**EXERCISE**:
Could you repeat, word for word, the line with "스텝어라운드(STEP AROUND) Corduroy" and every line after it in the records below, leaving out any pictures?

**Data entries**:
• • • • •

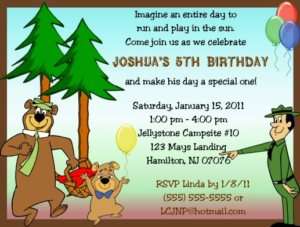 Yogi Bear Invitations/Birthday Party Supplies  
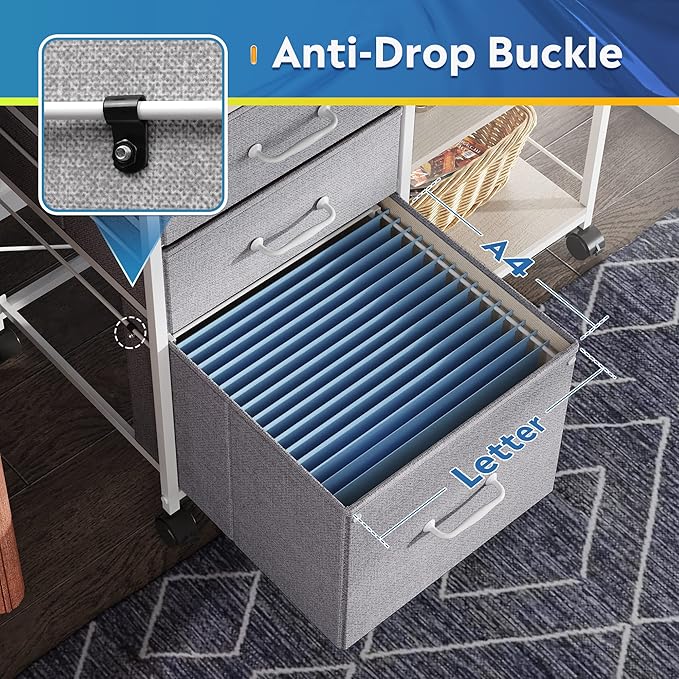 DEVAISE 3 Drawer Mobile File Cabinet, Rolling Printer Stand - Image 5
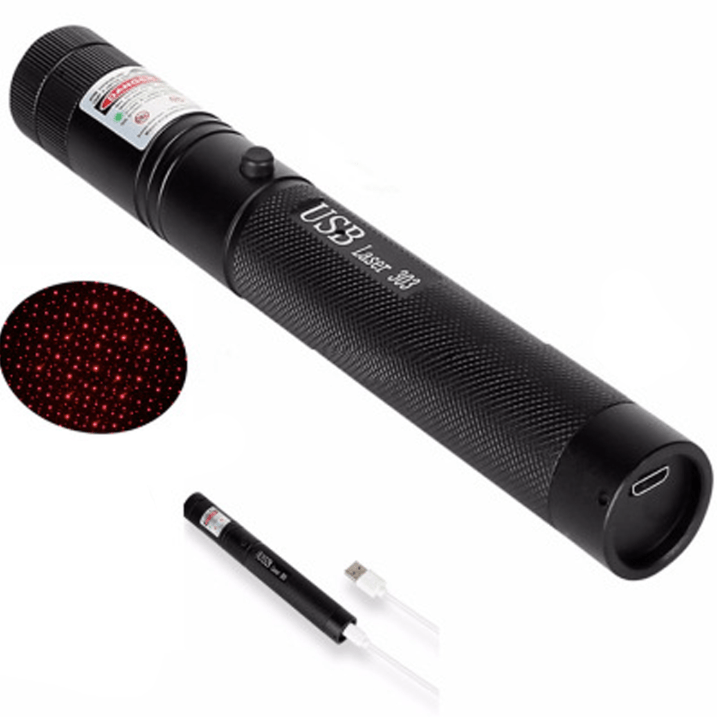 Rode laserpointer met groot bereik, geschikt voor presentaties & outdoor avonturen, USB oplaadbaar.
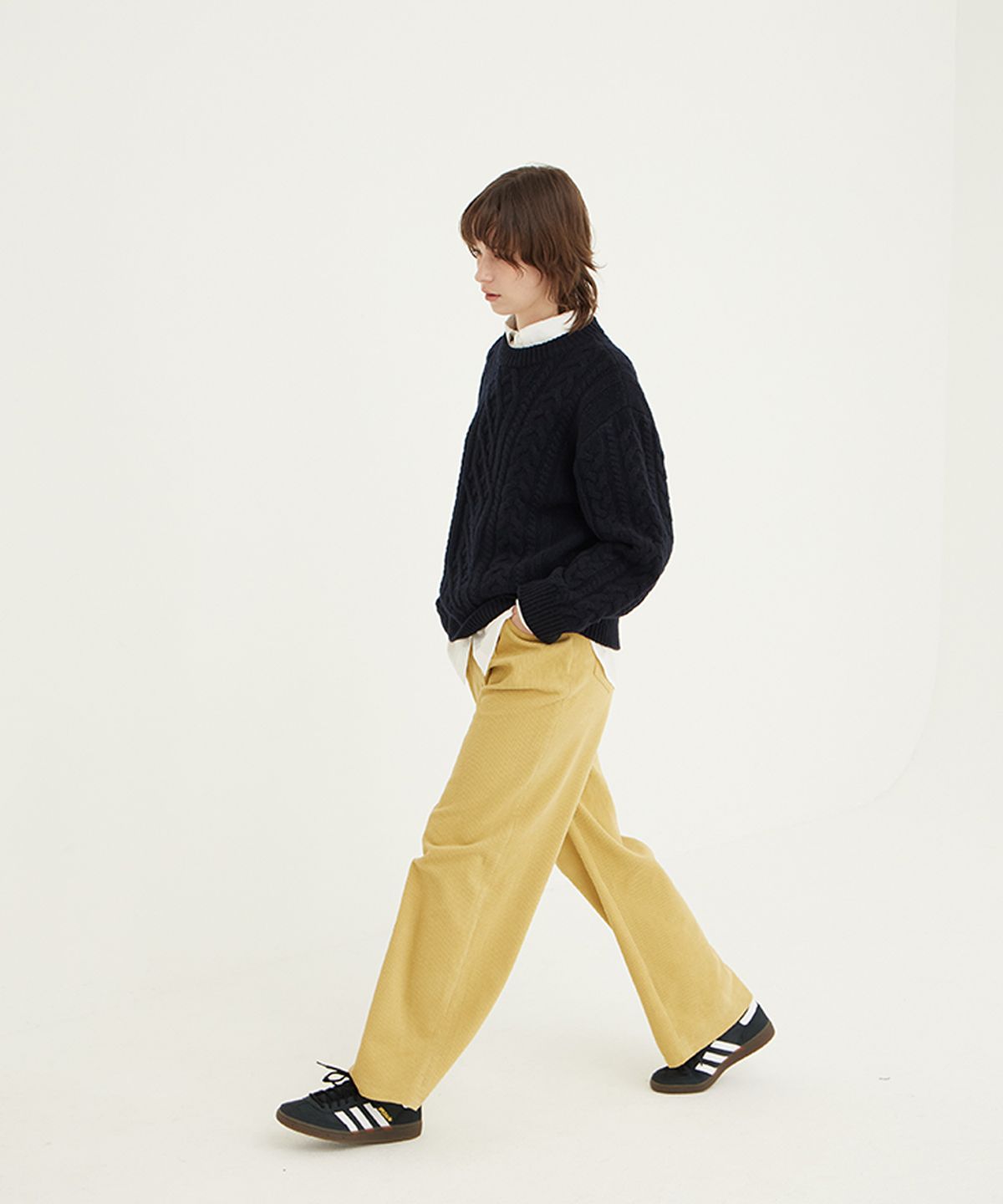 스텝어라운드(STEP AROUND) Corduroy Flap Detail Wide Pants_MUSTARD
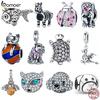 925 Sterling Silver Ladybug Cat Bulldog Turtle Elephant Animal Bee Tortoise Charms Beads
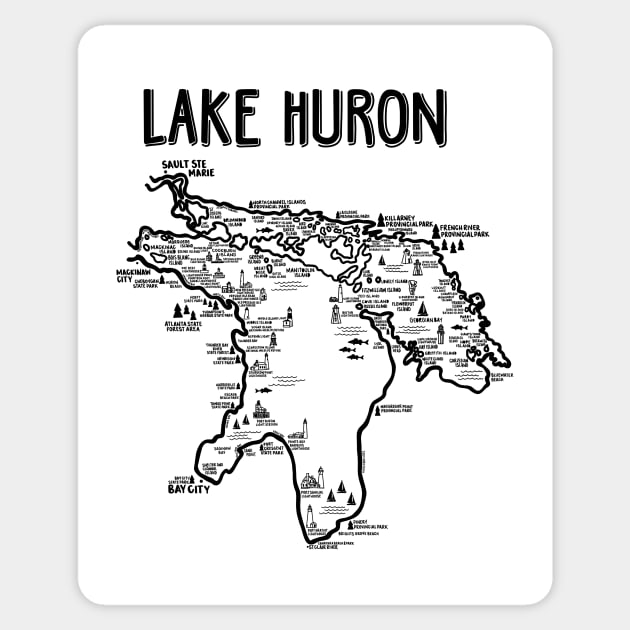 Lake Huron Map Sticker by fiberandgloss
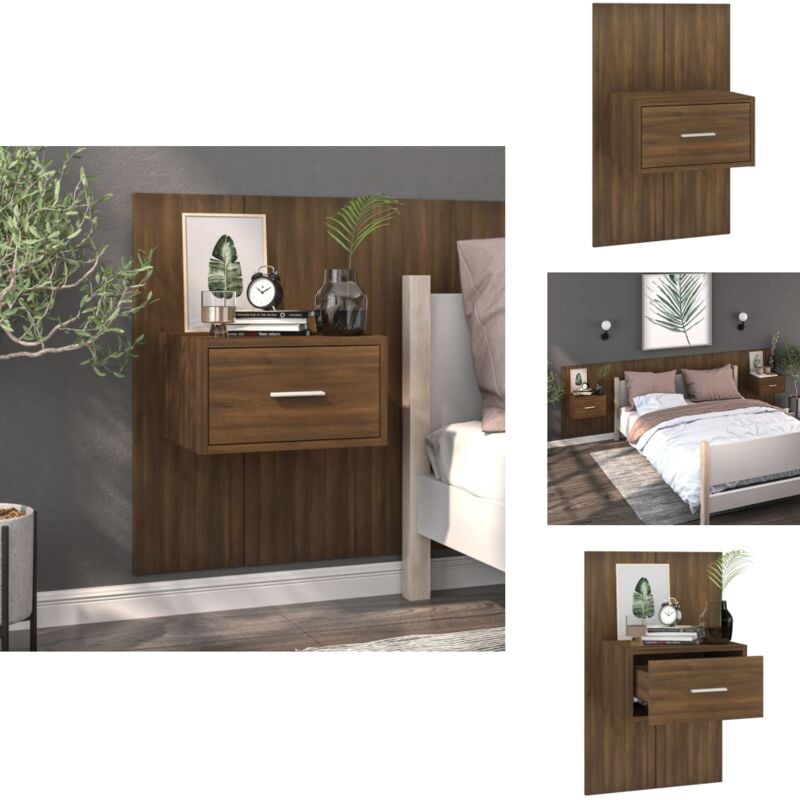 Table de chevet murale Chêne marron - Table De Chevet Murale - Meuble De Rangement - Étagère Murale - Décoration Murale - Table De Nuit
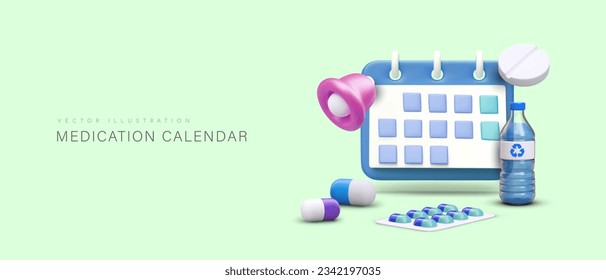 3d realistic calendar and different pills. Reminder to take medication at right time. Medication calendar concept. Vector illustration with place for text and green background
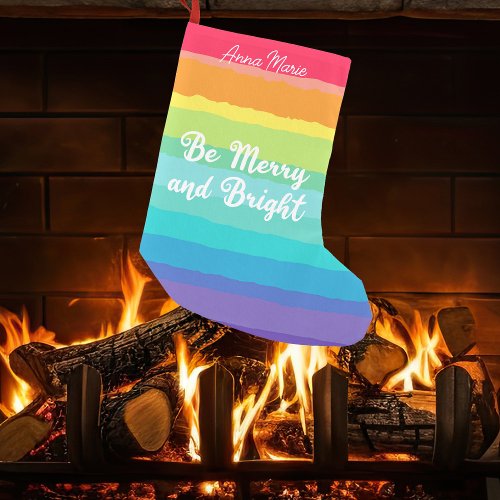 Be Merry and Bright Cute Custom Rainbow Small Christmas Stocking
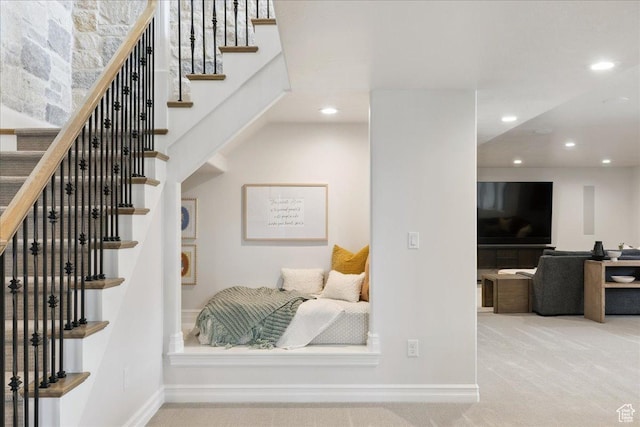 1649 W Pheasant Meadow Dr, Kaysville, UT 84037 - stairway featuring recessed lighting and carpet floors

• • • • •

**FINAL ANSWER**:
 스텝어라운드(STEP AROUND) Corduroy Flap Detail Wide Pants_MUSTARD
 925 Sterling Silver Ladybug Cat Bulldog Turtle Elephant Animal Bee Tortoise Charms Beads
 Lake Huron Map Sticker by fiberandgloss
 Table de chevet murale Chêne marron - Table De Chevet Murale - Meuble De Rangement - Étagère Murale - Décoration Murale - Table De Nuit
 3d realistic calendar and different pills. Reminder to take medication at right time. Medication calendar concept. Vector illustration with place for text and green background
 Be Merry and Bright Cute Custom Rainbow Small Christmas Stocking
 1649 W Pheasant Meadow Dr, Kaysville, UT 84037 - stairway featuring recessed lighting and carpet floors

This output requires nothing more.